January 22, 2004 IC Northern Ireland

A FERTILITY expert has warned of a big fall in the number of donors under plans to remove the right to anonymity for people giving sperm, eggs and embryos.

Jenny Hall, scientific director at Origin Fertility Care at Belmont Road, said they had already postponed several treatments due to a shortage of egg and sperm donors and that removing the right to anonymity would make things worse.

Ms Hall was speaking as the Government announced that men who father children through sperm donation are to lose their right to anonymity.

The changes, which will also apply to egg and embryo donors, will come into force from April, 2005.

Although there are no facilities for sperm donation in Ulster, Ms Hall said the legislation would have a knock-on effect.
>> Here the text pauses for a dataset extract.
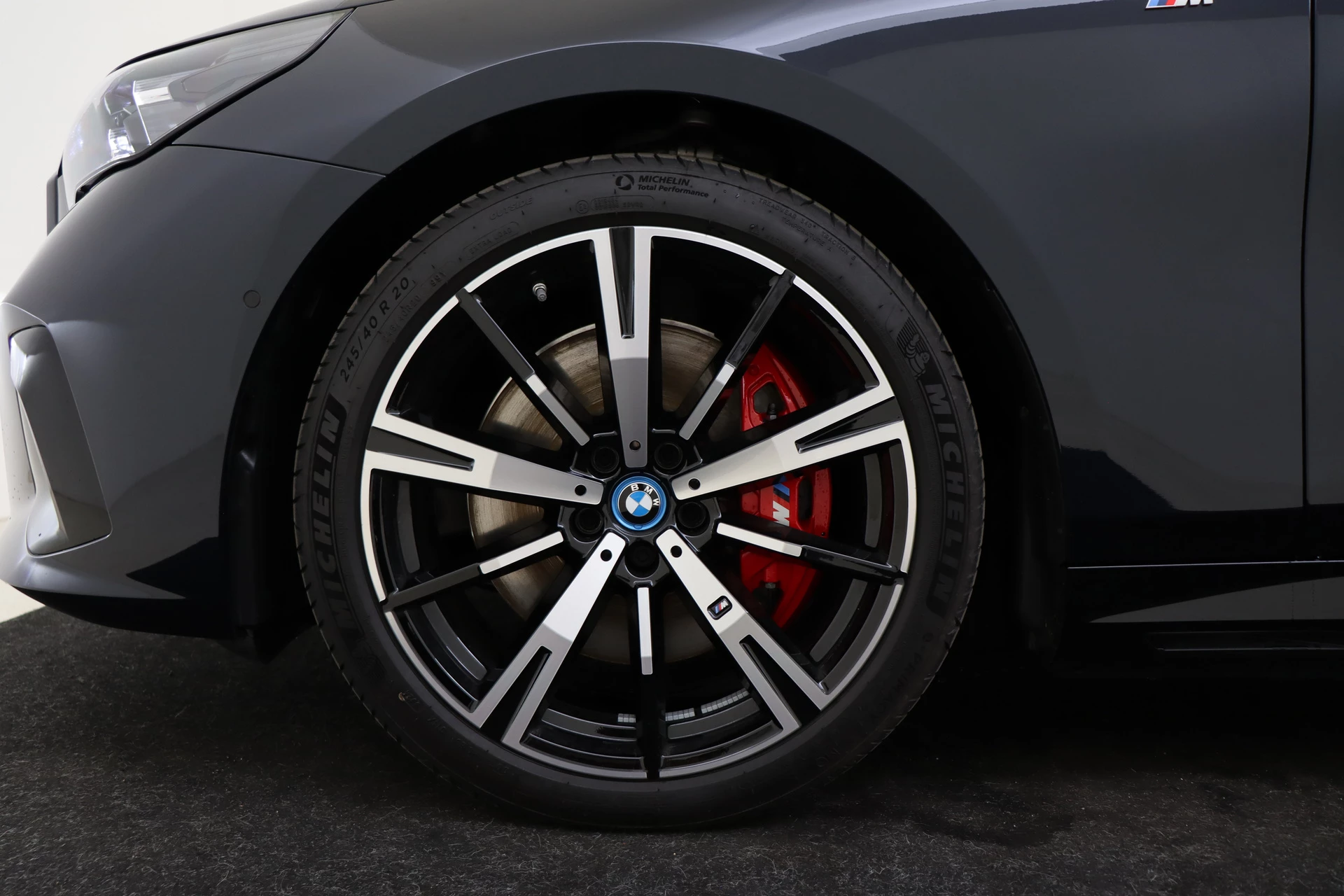 Hoofdafbeelding BMW i5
"My concern is that the removal of anonymity will only further the diminishing number of sperm donors," she said.

"This is already a problem with sperm being imported from abroad.

"For patients who make this choice, it is the only way they can have a baby and there is a danger that, if we cannot recruit donors, many infertile couples will be unable to receive treatment.''

Dr Neil McClure, a professor of obstetrics and gynaecology at Queen's University, believes that children conceived this way have a right to information about their genetic parents.

"It is really important that a child should be able to find out their medical history from a health point of view,'' he said.

"Several genetic illnesses can appear several years after the strict screening process at donation, and it is important for people to know if they are at risk of any particular illness.''

Dr McClure said that emotional-difficulties could arise if a child wanted to trace a parent out of curiosity and a parent did not have to make contact.

"This new legislation does not give children the right to know who their donor father is but the medical knowledge will be very helpful.''

The Government has been carrying out a two-year public consultation on what information children conceived using donor sperm, eggs or embryos should have access to.

Under a 1990 law, children can be told when they reach 18 if they were conceived using donated egg, sperm or embryos and 16-year-olds can ask whether they are related to someone they want to marry.

The regulations will now be extended, so that children can find out more biological information about the donor parent.

They will be able to have 'pen portraits' of their parent.